EXCERPTED DATA ▸

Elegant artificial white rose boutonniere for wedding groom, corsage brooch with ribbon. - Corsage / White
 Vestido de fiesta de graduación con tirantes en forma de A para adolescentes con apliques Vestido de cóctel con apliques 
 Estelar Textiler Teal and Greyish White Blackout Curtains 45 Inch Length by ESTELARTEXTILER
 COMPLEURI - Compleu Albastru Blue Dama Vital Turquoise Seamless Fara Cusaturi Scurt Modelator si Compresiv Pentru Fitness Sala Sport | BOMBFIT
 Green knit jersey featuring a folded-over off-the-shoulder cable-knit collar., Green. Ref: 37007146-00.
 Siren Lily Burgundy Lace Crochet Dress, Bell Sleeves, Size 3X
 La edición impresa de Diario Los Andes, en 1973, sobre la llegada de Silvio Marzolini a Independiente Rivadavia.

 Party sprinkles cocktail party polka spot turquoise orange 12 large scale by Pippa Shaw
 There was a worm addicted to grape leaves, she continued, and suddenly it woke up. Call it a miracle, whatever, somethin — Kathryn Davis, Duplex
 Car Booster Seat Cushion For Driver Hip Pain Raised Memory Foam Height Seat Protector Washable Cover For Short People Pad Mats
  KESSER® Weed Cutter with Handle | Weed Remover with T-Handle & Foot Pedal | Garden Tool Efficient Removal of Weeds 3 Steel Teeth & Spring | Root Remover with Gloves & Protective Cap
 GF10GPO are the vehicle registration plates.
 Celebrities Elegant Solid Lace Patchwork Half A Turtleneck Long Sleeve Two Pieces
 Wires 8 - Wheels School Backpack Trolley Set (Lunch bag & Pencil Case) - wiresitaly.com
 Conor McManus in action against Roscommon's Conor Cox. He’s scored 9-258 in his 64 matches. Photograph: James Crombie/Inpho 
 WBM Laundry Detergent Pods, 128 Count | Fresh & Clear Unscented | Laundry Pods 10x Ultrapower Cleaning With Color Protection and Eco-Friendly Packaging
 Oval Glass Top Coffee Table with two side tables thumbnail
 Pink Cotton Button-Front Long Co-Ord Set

TASK TO COMPLETE ▸ Copy every line of the data that holds the string "Long".

SOLUTION TO THE EXERCISE ▸
 Celebrities Elegant Solid Lace Patchwork Half A Turtleneck Long Sleeve Two Pieces
 Pink Cotton Button-Front Long Co-Ord Set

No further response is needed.